TASK: Each entry is to be retyped exactly as it appears, and each image is to be dropped.
Start of RECORDS SUPPLIED
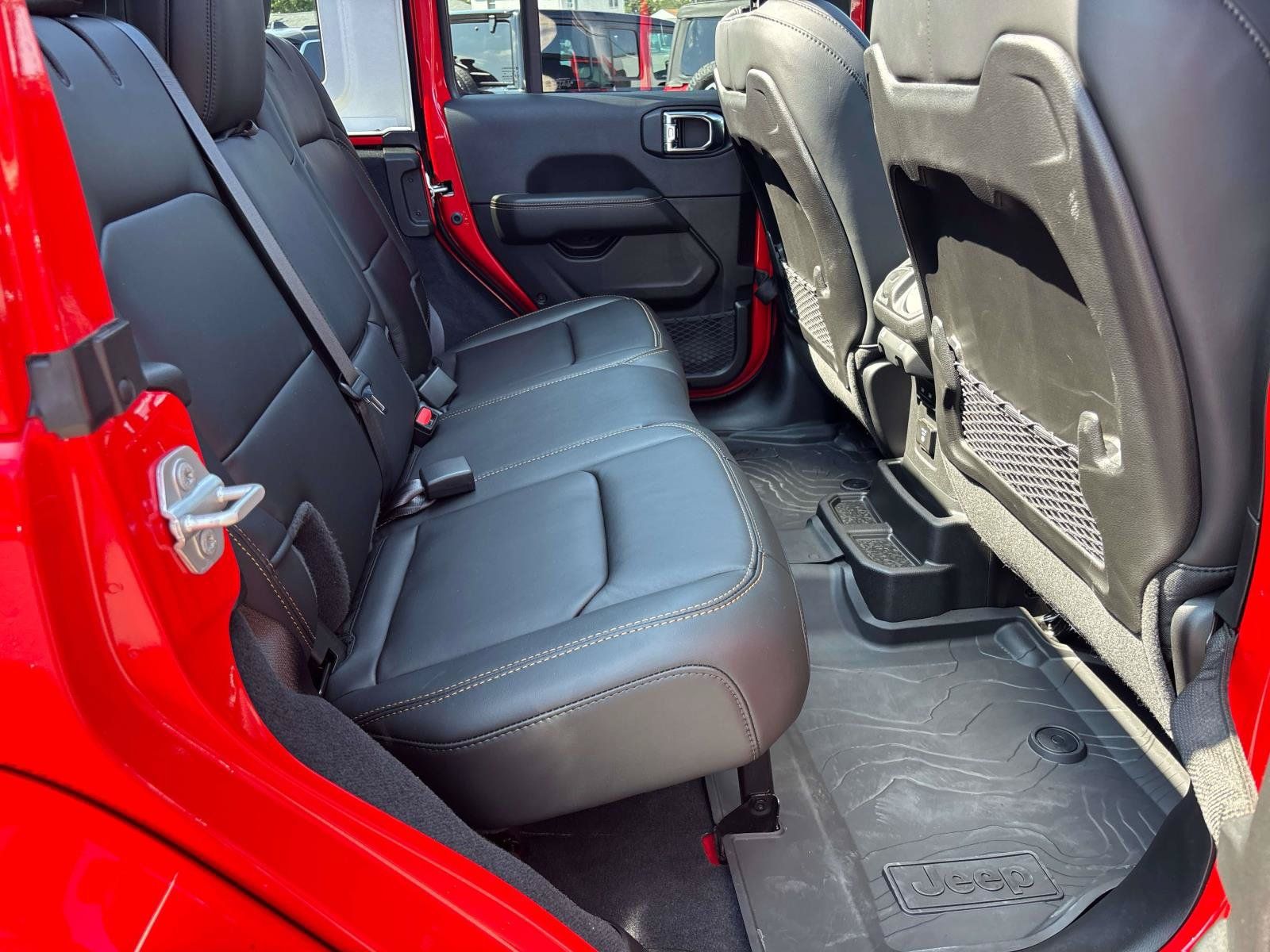 Certified 2025 Jeep Wrangler 4WD Unlimited Rubicon 392 image 15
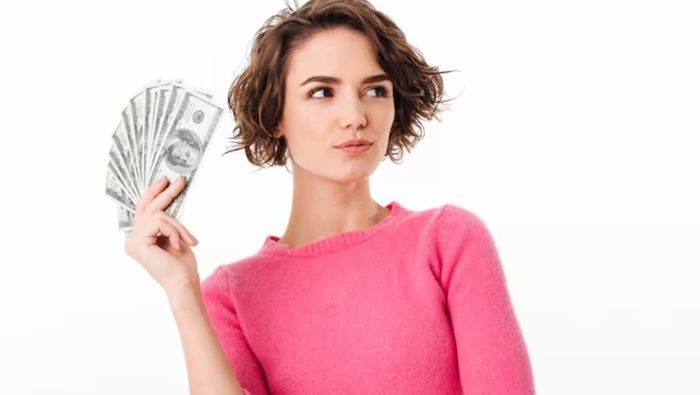 Uang memiliki batas dan tidak lagi berdampak pada kebahagiaan. Uang bisa mengorbankan hubungan yang sehat/Foto: freepik.com/drobotdean Uang memiliki batas dan tidak lagi berdampak pada kebahagiaan. Uang bisa mengorbankan hubungan yang sehat/Foto: freepik.com/drobotdean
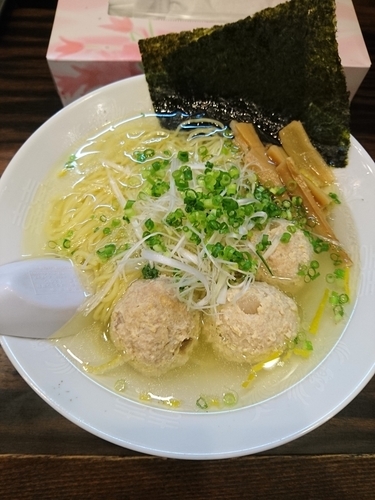 「塩ラーメン 750円」@稲荷屋の写真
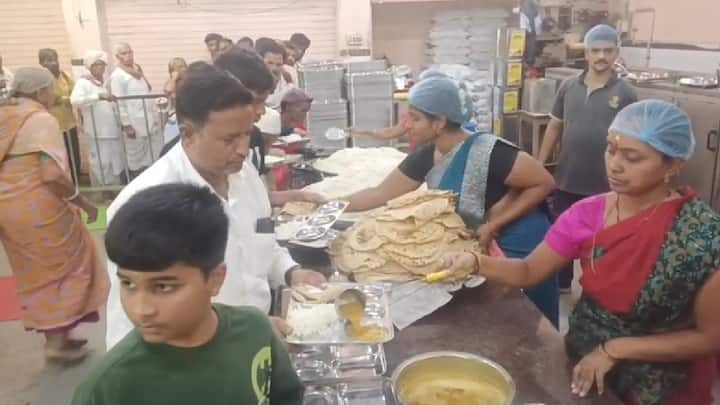 रुक्मिणी मातेलाही अशाच पद्धतीचा पंचपकवांनाचा महानैवेद्य असून मातेच्या महाप्रसादात कटाची आमटी आणि कडबू हे वेगळे पदार्थ असतात. त्यामुळे आज आता देवाच्या बरोबर देवाच्या भक्तांनाही अन्नछत्रामध्ये आमरस पोळीचा बेत मंदिर समितीच्या वतीने देण्यात येत आहे.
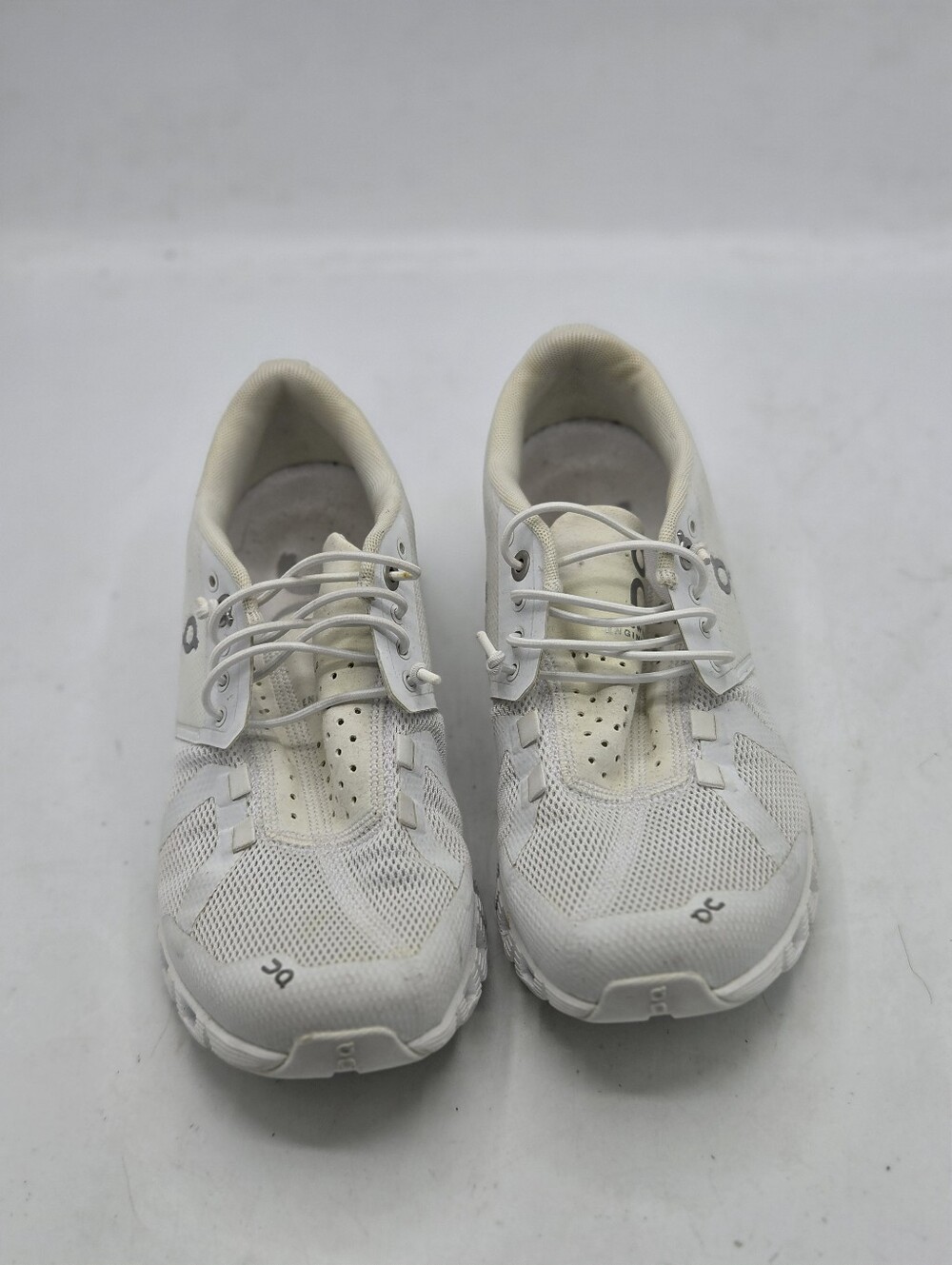 On Running Cloud 5 All White Sneakers Lightweight Running Shoes Womens W5 - Picture 7 of 16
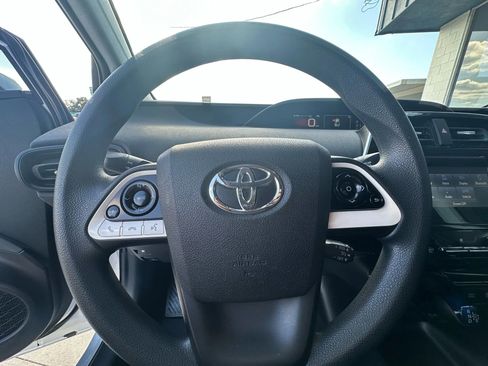 Used 2016 Toyota Prius Two image 21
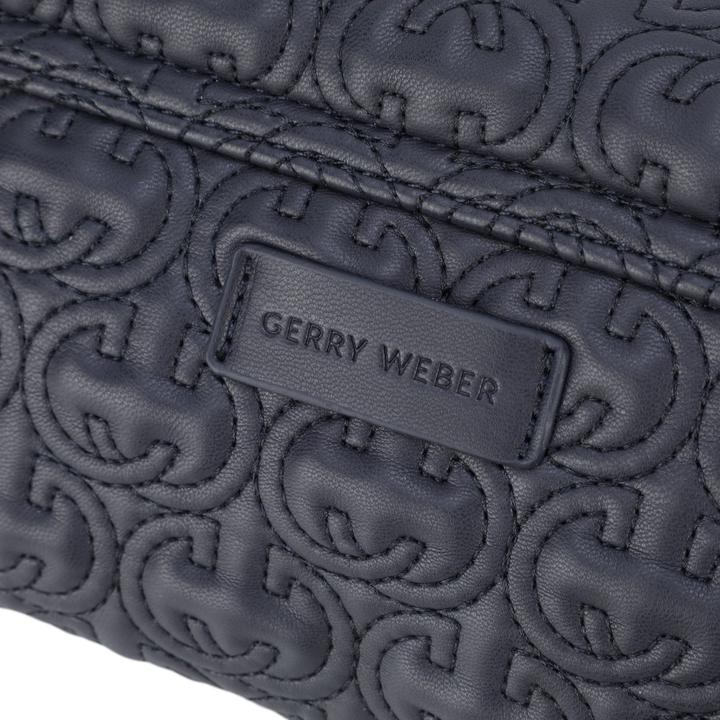 Actual product image Gerry Weber Carry me out Schultertasche 24 cm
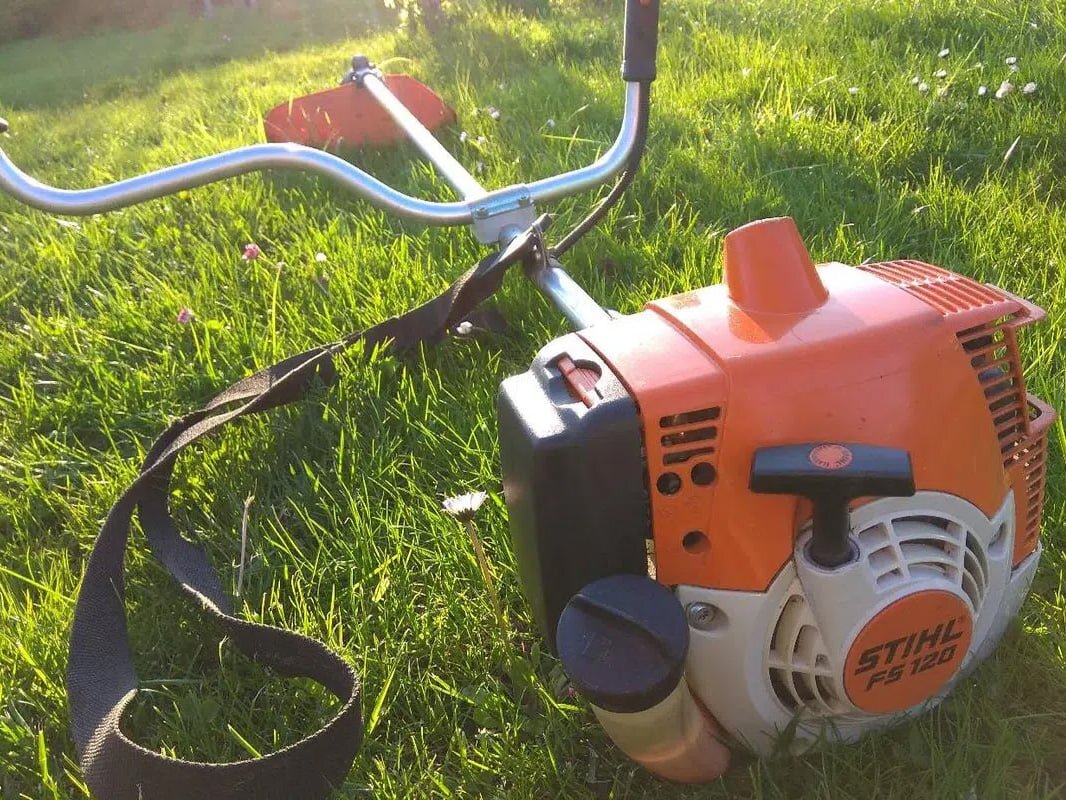 Máy cắt cỏ Stihl FS 120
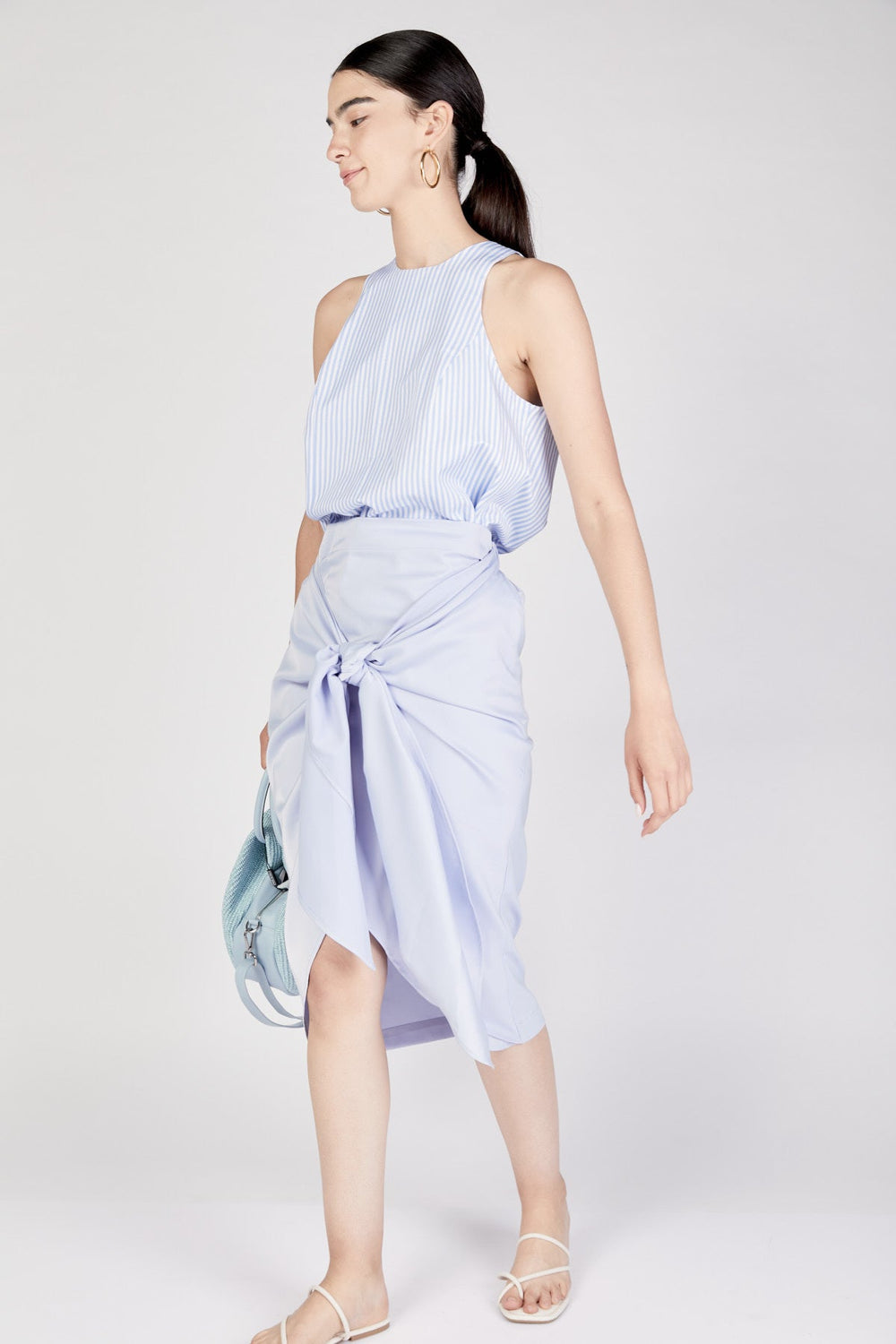 חצאית במראה קשירה בצבע תכלת - Razili Studio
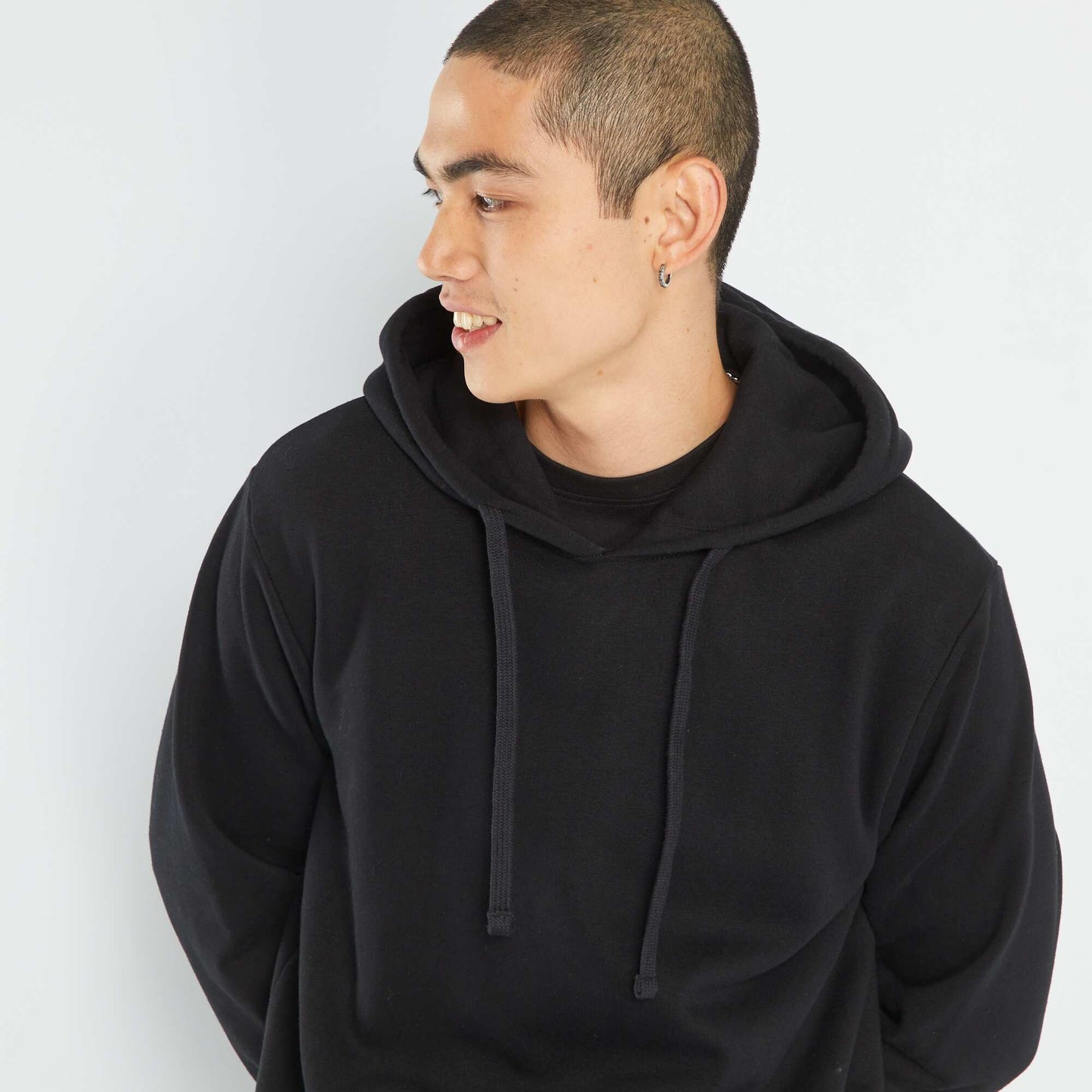 Hoodie with kangaroo pocket Black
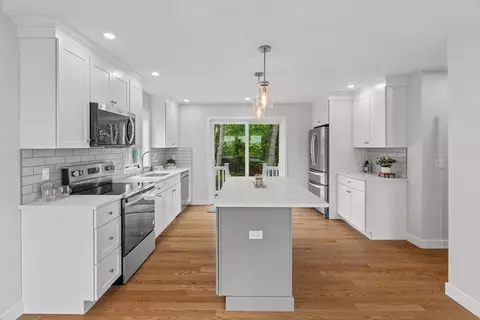 17 Upland Rd, Lynn, MA 01902 photo 6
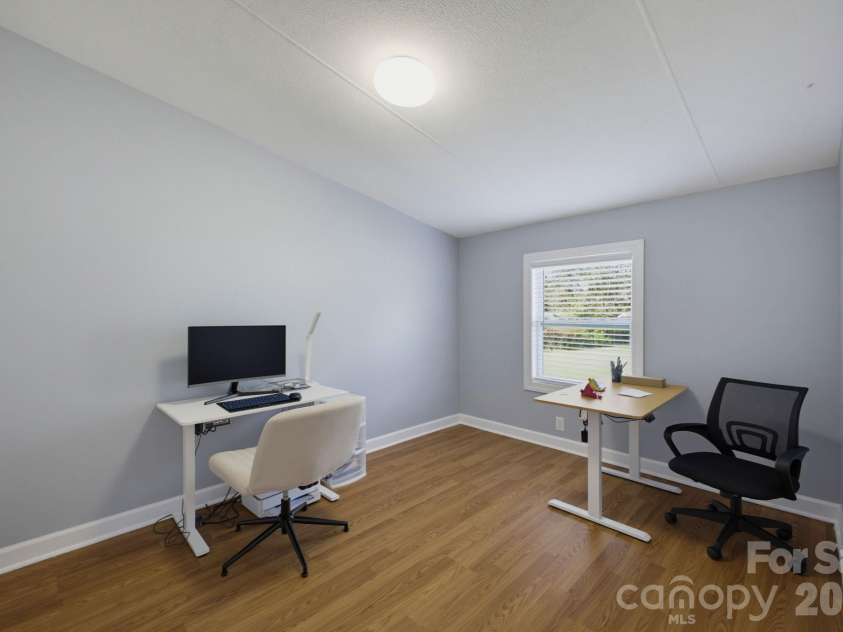 129 Titanium Drive, Statesville, NC 28625.  MLS# CAR4429081, YatesRealty ID 53723. 
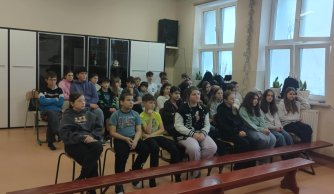 „Edukacja z wojskiem” – pouczający wykład ppor. dr. Sławomira Franca z WOT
End of RECORDS SUPPLIED
SOLUTION BELOW:
 Certified 2025 Jeep Wrangler 4WD Unlimited Rubicon 392 image 15
 Uang memiliki batas dan tidak lagi berdampak pada kebahagiaan. Uang bisa mengorbankan hubungan yang sehat/Foto: freepik.com/drobotdean Uang memiliki batas dan tidak lagi berdampak pada kebahagiaan. Uang bisa mengorbankan hubungan yang sehat/Foto: freepik.com/drobotdean
 「塩ラーメン 750円」@稲荷屋の写真
 रुक्मिणी मातेलाही अशाच पद्धतीचा पंचपकवांनाचा महानैवेद्य असून मातेच्या महाप्रसादात कटाची आमटी आणि कडबू हे वेगळे पदार्थ असतात. त्यामुळे आज आता देवाच्या बरोबर देवाच्या भक्तांनाही अन्नछत्रामध्ये आमरस पोळीचा बेत मंदिर समितीच्या वतीने देण्यात येत आहे.
 On Running Cloud 5 All White Sneakers Lightweight Running Shoes Womens W5 - Picture 7 of 16
 Used 2016 Toyota Prius Two image 21
 Actual product image Gerry Weber Carry me out Schultertasche 24 cm
 Máy cắt cỏ Stihl FS 120
 חצאית במראה קשירה בצבע תכלת - Razili Studio
 Hoodie with kangaroo pocket Black
 17 Upland Rd, Lynn, MA 01902 photo 6
 129 Titanium Drive, Statesville, NC 28625.  MLS# CAR4429081, YatesRealty ID 53723. 
 „Edukacja z wojskiem” – pouczający wykład ppor. dr. Sławomira Franca z WOT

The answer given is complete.